Judy’s passion for cooking began with helping her grandmother make raisin oatmeal for breakfast. From there, she earned her first food service job at 15, was accepted to the world-famous Culinary Institute of America at 18 (where she graduated second in her class), and went on to the Fachschule Richemont in Switzerland, where she focused on pastry arts and baking. After a decade in food service for Hyatt Hotels, Judy launched Food and Health Communications to focus on flavor and health. She graduated with Summa Cum Laude distinction from Johnson and Wales University with a BS in Culinary Arts, holds a master’s degree in Food Business from the Culinary Institute of America, two art certificates from UC Berkeley Extension, and runs a food photography & motion studio where her love is creating fun recipes and content.
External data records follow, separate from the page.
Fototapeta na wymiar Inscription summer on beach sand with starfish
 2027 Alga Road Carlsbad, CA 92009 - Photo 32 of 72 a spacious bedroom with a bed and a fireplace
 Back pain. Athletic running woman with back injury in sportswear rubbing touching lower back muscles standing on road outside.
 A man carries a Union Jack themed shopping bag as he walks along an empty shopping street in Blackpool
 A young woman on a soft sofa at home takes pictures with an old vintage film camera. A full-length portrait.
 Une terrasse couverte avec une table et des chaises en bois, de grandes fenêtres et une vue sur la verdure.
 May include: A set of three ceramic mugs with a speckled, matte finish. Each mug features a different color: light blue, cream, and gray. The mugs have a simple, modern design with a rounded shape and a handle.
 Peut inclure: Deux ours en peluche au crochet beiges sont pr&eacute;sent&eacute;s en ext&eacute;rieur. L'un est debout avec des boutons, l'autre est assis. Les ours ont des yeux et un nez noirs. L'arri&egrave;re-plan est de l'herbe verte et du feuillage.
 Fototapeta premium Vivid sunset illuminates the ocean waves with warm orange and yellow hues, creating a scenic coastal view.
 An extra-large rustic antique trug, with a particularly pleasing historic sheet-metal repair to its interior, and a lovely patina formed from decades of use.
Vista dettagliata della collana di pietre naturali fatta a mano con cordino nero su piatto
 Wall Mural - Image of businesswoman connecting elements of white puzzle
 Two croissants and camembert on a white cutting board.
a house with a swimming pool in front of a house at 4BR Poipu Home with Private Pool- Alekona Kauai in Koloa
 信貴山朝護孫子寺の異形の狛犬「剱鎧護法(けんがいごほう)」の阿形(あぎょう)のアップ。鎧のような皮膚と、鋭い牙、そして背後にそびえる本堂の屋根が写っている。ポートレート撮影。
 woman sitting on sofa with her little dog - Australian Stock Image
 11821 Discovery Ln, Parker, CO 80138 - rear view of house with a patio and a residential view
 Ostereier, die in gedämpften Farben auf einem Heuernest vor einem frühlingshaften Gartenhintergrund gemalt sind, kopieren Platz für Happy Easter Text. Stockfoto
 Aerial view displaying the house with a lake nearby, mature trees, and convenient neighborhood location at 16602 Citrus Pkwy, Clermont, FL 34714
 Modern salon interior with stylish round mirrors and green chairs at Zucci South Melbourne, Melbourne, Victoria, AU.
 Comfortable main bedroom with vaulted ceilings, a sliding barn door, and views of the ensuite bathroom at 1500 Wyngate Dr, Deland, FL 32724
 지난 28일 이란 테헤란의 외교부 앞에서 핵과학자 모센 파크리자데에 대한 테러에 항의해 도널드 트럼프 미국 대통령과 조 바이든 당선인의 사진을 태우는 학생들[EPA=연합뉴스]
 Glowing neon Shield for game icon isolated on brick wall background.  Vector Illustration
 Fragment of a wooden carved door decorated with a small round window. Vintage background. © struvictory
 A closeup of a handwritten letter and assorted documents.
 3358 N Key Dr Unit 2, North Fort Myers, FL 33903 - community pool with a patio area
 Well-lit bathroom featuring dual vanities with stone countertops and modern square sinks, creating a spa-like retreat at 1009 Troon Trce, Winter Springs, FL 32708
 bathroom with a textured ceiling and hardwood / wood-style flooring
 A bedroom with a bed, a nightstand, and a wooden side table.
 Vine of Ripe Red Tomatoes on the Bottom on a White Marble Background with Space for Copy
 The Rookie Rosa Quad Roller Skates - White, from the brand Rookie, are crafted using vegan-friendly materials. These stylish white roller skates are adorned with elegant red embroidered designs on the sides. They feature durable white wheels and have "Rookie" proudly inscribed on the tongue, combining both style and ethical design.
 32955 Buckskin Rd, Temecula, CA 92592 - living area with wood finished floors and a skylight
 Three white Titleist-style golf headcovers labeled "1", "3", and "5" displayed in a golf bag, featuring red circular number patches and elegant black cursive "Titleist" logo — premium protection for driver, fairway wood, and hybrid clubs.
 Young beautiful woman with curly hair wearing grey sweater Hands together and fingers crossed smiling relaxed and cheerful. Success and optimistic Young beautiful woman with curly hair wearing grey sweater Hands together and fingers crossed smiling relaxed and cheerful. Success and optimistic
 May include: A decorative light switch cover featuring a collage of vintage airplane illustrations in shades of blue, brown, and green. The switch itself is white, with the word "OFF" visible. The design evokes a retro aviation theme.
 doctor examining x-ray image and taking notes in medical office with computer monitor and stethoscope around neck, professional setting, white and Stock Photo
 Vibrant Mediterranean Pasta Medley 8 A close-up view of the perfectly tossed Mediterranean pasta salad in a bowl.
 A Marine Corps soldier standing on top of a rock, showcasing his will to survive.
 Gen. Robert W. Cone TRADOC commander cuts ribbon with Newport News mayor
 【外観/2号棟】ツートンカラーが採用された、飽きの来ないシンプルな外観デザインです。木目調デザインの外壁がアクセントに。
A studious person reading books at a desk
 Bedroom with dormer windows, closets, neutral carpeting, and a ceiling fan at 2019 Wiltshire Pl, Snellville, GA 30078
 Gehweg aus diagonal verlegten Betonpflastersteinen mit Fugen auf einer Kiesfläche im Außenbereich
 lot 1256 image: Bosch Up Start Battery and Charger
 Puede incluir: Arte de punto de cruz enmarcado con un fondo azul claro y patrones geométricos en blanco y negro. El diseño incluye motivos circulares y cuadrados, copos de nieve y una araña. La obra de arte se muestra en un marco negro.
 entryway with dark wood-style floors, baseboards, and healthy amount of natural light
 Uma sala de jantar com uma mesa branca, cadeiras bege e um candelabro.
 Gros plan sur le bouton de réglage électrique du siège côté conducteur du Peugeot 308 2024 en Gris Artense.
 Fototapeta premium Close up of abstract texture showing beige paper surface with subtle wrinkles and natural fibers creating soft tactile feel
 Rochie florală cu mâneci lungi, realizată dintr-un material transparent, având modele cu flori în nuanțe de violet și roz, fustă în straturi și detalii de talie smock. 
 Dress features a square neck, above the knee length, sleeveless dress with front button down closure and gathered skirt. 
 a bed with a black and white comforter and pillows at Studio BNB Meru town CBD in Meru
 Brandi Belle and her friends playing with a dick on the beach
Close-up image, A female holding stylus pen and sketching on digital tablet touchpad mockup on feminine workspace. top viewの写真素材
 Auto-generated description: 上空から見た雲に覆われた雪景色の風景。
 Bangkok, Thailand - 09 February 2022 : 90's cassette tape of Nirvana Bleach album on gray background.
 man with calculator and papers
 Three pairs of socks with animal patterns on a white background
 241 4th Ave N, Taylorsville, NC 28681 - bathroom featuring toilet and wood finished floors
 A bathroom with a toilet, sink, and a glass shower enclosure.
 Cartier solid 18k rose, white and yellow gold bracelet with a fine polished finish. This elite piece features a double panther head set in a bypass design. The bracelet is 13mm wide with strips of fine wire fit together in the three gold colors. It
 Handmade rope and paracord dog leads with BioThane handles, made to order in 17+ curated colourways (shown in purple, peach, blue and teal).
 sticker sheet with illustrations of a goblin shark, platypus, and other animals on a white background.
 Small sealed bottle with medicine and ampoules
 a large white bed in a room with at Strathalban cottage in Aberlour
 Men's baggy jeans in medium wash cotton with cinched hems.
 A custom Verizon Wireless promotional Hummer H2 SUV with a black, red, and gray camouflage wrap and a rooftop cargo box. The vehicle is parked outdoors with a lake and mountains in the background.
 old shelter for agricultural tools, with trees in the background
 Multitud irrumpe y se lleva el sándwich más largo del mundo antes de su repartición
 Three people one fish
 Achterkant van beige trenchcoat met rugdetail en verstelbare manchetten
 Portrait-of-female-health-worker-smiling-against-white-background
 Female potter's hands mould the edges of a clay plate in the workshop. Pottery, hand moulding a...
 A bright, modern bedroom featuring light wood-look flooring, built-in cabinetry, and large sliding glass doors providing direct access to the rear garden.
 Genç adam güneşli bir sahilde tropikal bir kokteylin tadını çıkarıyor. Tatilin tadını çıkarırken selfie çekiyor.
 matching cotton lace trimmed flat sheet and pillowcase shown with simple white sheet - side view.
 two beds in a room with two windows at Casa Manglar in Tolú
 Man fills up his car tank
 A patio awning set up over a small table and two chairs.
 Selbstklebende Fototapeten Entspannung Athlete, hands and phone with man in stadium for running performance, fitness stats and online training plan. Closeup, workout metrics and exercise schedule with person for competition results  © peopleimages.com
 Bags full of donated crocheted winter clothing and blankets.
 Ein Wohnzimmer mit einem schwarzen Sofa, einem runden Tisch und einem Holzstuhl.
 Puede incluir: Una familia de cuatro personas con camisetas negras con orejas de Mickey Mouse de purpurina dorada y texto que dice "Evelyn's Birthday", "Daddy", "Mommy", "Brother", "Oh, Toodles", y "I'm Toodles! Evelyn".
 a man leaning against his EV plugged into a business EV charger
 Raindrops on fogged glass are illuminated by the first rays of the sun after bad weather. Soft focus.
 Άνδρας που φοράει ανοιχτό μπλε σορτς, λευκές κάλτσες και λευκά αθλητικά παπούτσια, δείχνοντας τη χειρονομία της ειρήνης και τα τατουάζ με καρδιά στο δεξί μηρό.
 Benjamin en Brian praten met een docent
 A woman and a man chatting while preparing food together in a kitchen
Judy received The Culinary Institute of America’s Pro Chef II certification, the American Culinary Federation Bronze Medal, Gold Medal, and ACF Chef of the Year. Her enthusiasm for eating nutritiously and deliciously leads her to constantly innovate and use the latest nutritional science and Dietary Guidelines to guide her creativity, from putting new twists on fajitas to adapting Italian brownies to include ingredients like toasted nuts and cooked honey. Judy’s publishing company, Food and Health Communications, is dedicated to her vision that everyone can make food that tastes as good as it is for you.